@nono le simplet Merci pour cette précision. Vous avez raison ce n’est pas toujours très clair dans les statistiques accessibles. J’ai considéré le chiffre fourni par Wikipedia qui donne 40,2% de vaccinés pour Israël. Statista (https://www.statista.com/statistics/1194939/rate-covid-vaccination-by-county-worldwide/ ) fournit pour Israël un rapport de 61,3% entre le nombre de doses et la population totale. Ce qui correspondrait à peu près à vos chiffres, qui me paraissent devoir être les plus exacts. Ce qui importe finalement c’est qu’Israël est pratiquement le plus vacciné, et que l’on dispose des premieres données sur les effets de cette vaccination. Si on considère que 40% ont reçu une dose et 24% sont vaccinés, les perspectives semblent devoir être encore plus préoccupantes.
Je n’ai pas très bien compris vos arguments contre RT. Personnellement je trouve les reportages de RT remarquables et malheureusement uniques dans la « sphère journalistique ».
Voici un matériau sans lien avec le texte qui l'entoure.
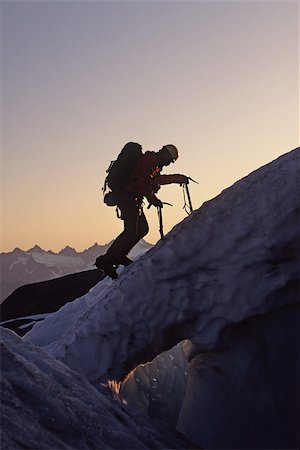 Ice climber at easton glacier Stock Photo - Premium Royalty-Free, Code: 614-02739623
Nous disposons que de très peu de médias alternatifs et encore moins de médias qui donnent des informations alternatives. C’est sûr RT n’est pas parfait (il dispose de peu de moyens, est constamment décrié, limité par le pouvoir en place, et ne fait pas appel à l’AFP ni à son mentor américain).
Toutefois c’est une autre voix dans un paysage audiovisuel uniforme. Une voix différente qui cherche moins à modeler les esprits et à faire la chasse aux « mauvaises pensées ».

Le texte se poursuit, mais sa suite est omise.